Ces lieux qu’on ne retrouvera plus

Ernst Jünger dans Les ciseaux émet une théorie sur la migration des saumons, des papillons qui retrouvent le lieu de leur naissance après des milliers de kilomètres de parcours : et si c’était le mal du pays natal qui les guidait plutôt que la température des courants ou les champs magnétiques comme s’opiniâtrent à le penser les scientifiques ? Pour les hommes, la nostalgie est moins bénéfique. L’homme est nostalgique de ce dont il ne se souvient pas, de ce qu’il est sûr de ne pouvoir atteindre : l’enfance, un lieu utopique, un Âge révolu. Les nostalgiques, en général, ne sont pas de bonne compagnie. Ils « s’absentent sur place » selon la belle formule de Jankélevitch. Ils sont là physiquement, mais ils errent en pensée dans les ruines de citadelles inaccessibles, qu’ils s’imaginent avoir hanté, qu’ils ne verront jamais. Ils sont aussi infréquentables que les excités nourris d’espoir. La seule compagnie vivable : les chiens, les plantes, les enfants, les vieillards, les êtres capables d’accepter l’inéluctabilité du temps sans vouloir le retenir ni sauter par-dessus.

 

Ce lieu mystérieux qu’on appelle la vie

C’est un espace mouvant. On s’y déplace à tâtons. On s’y débat, on s’y agite, on y cueille un peu de plaisir. Tout y est absurde et important. On est forcé d’avancer sans savoir où mènent tant d’efforts. On ne peut s’arrêter pour souffler un peu. On a l’impression de traverser un cours d’eau. On ne sait pas quand on parviendra sur l’autre rive.
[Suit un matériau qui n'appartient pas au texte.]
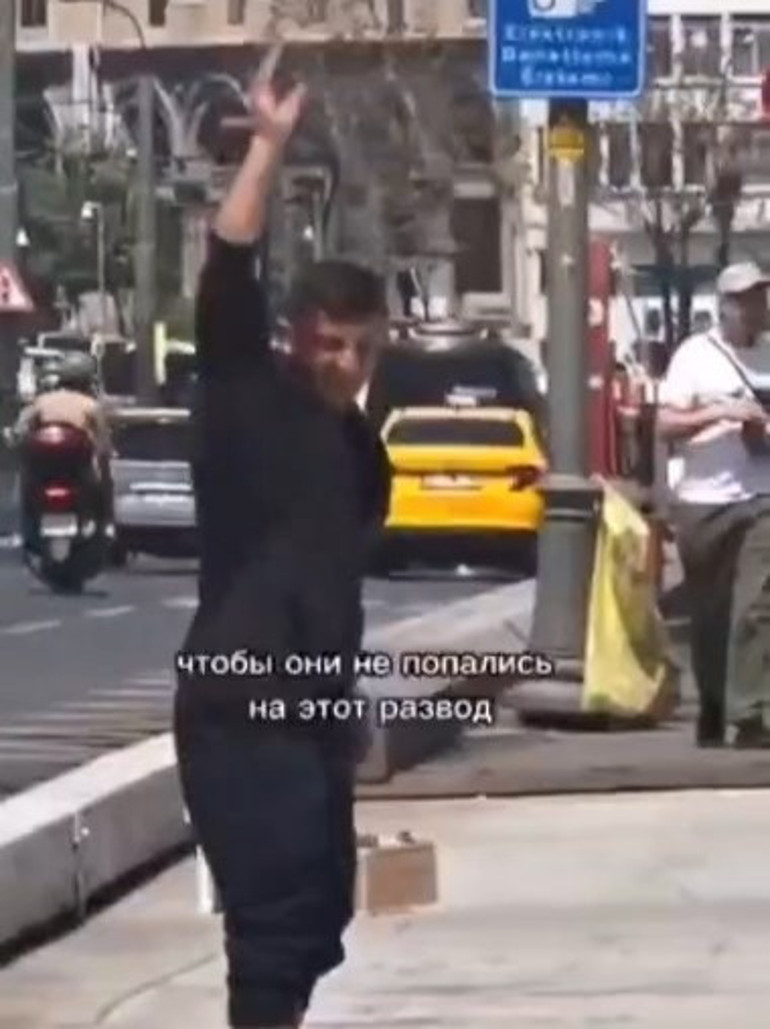 Küfürler edip ahlaksız hareketlerde bulundular Galata Köprüsünde turistleri taciz eden şüpheliler yakalandı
Y a-t-il une autre rive ? Jacques Chardonne, dans Le Ciel par la Fenêtre, donne un conseil précieux pour ce voyage bizarre : « il faut vivre dignement dans l’incertain ».

 

Ces lieux qui n’en n’ont plus pour longtemps

Dans la calanque de Ginac, près de Marseille, le maire a interdit l’accès aux criques surplombées de falaises de grès pourri en promulguant un arrêté «  d’effondrement imminent ». Parfois, triste ou saoul, je me sens comme les falaises de Ginac.